6. infrared image pedestrian detection method according to claim 5, it is characterised in that: in step S2, the target inspection The full convolutional network that FIDN network is made of 7 layers of 1*1 convolution or 3*3 convolutional network is surveyed, the candidate frame on image is direct It is generated on original image, generation method is as follows:

B2: in the different candidate frame of each Area generation several length-width ratios, the rectangle that specific length-width ratio is marked according to data set Frame is obtained using k-means algorithm；

B3: it is distributed according to the size that real data collection calculates priori candidate frame, uses (1-IoU) as distance metric, wherein IoU It indicates the friendship of area between priori candidate frame and the rectangle frame of label and ratio, calculation formula is as follows:

Wherein, A indicates that priori candidate frame, B indicate that the rectangle frame of label, ∩ indicate the intersection of A and B, and ∪ indicates the union of A and B.

7. infrared image pedestrian detection method according to claim 6, it is characterised in that: the target detection FIDN network Using lightweight convolutional neural networks as backbone network, according to algorithm of target detection, predicted using the convolution of a 1*1, The positioning loss function of the algorithm of target detection are as follows:

Wherein, λ is coefficient of the control positioning loss in total loss accounting, and S indicates the size of the characteristic pattern of last convolution, A indicates the number of each Area generation anchor frame,It is a 0-1 function, if there is target in the region of the i-th row j column, value is 1, otherwise value 0, x, y, h, w respectively indicate the height and width of the coordinate of central point, prediction block, wherein lower marker tape ^ expression is true Value, the expression predicted value not with ^.

8. infrared image pedestrian detection method according to claim 1-3, it is characterised in that: in step S3, institute It states model training and refers to training of starting from scratch, the method that weight parameter uses random initializtion passes through left and right overturning, random sanction Cut, color jitter to data carry out data enhancement operations, pass through continuous regularized learning algorithm rate, batch size, the super ginseng of optimization method Number carrys out training objective and detects FIDN network.

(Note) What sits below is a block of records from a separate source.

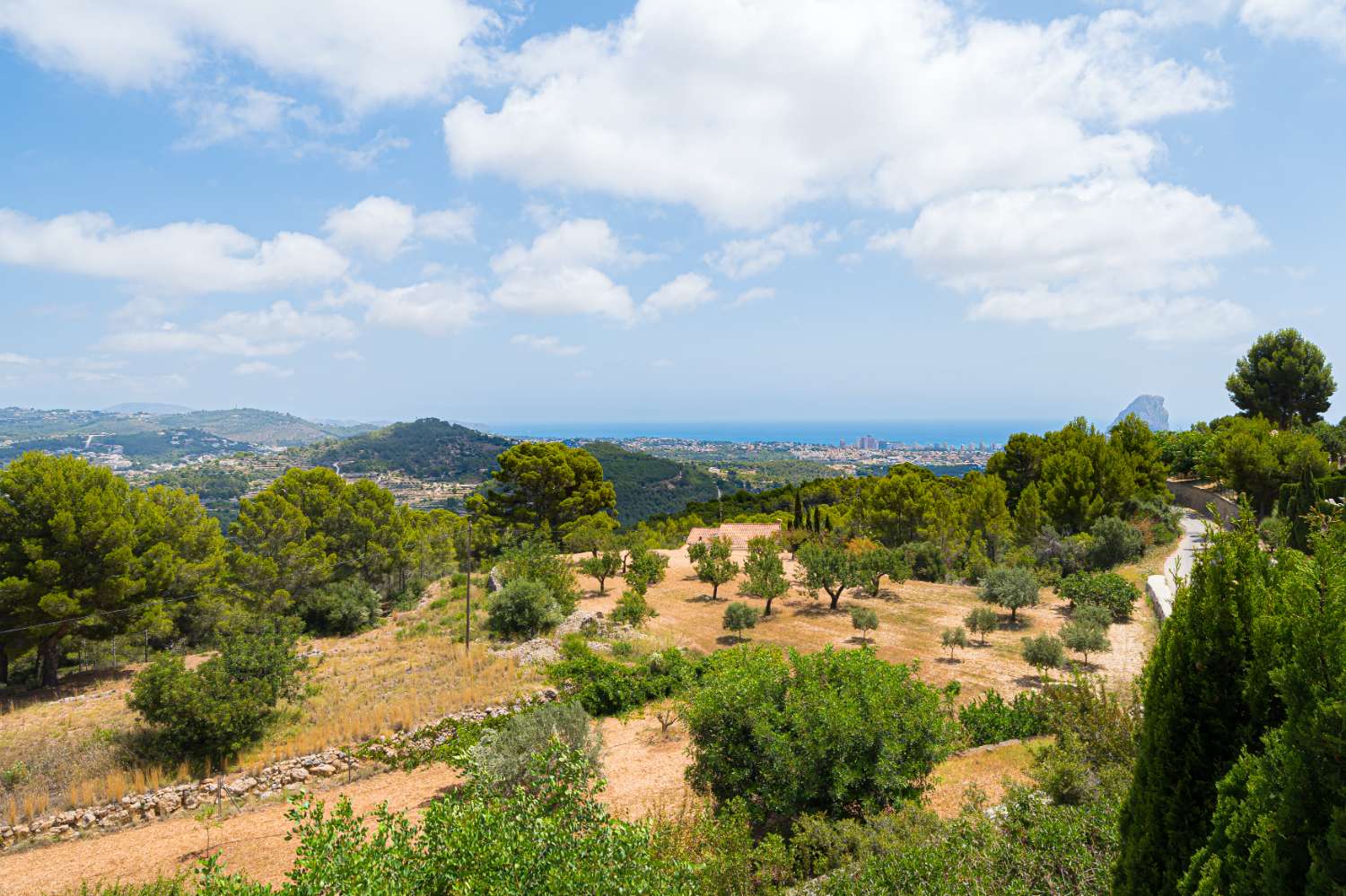 Renovated independent villa with panoramic views in Calpe (Costa Blanca)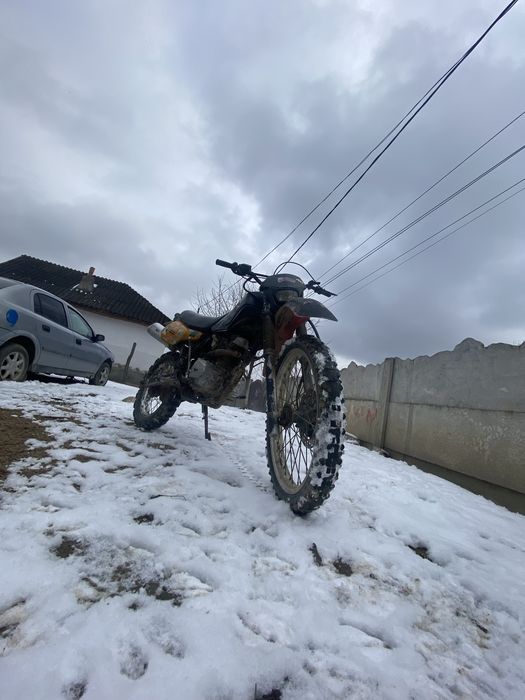 Vand cross 250cc tmmp,crosul functioneaza perfect mai multe detali pri
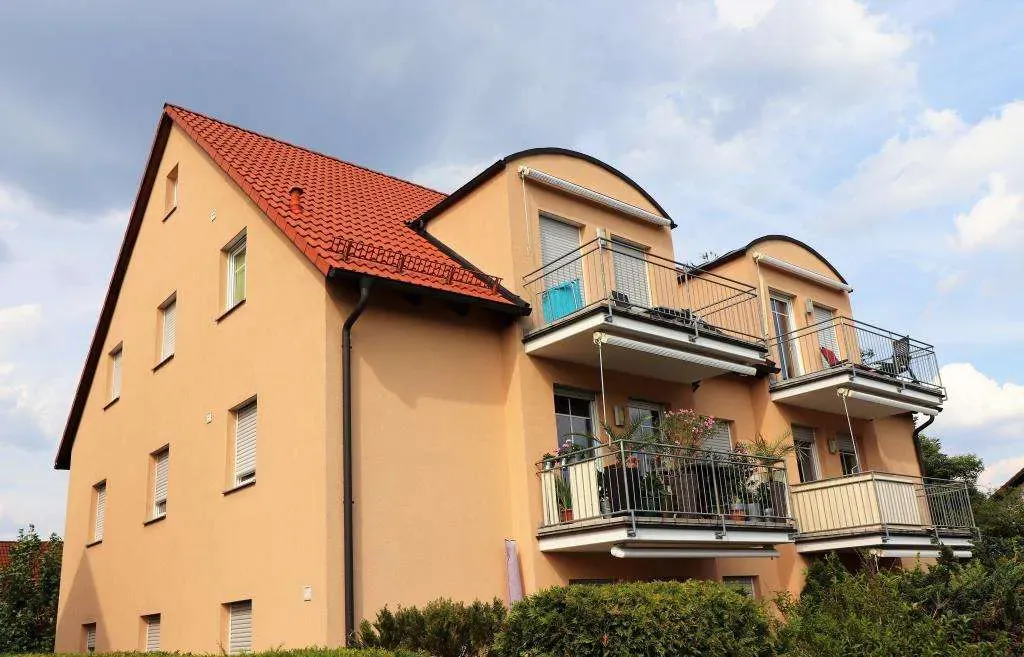 TOP!!! Moderne 3 Zi.- ETW mit Balkon, Stellplatz und ausgebautem Spitzboden mit Treppenzugang – Bild 1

9. infrared image pedestrian detection method according to claim 8, it is characterised in that: in step S4, the prediction side Method are as follows: the forward direction for constructing network infers that process, input parameter are image data, are returned as prediction result, is carrying out mesh to video When mark detection, Kalman filter is added and is tracked.

10. a kind of detection system for realizing the described in any item infrared image pedestrian detection methods of claim 1-9, feature exist In, comprising:

Obtain data module: for obtaining the infrared image comprising pedestrian；

Data preprocessing module: it is manually marked for being pre-processed to infrared image, and to pretreated infrared image Then note is divided into the training set of detection model according to setting ratio and verifying collects；

Construct target detection FIDN network module: for constructing target detection FIDN network, the mesh based on convolutional neural networks Mark detection FIDN network includes several layers convolutional layer and maximum pond layer, and setting in convolutional layer and the subsequent expansion of maximum pond layer Convolutional layer, in the stacking of convolutional layer, when port number reaches setting value, the port number for expanding convolutional layer is not further added by；

Model training module: it for carrying out model training to target detection FIDN network using training set, and selects and collects in verifying Show optimal optimal models；

Optimal models prediction module: being based on optimal models, predicted on GPU server, realizes and carries out target to video flowing Detection.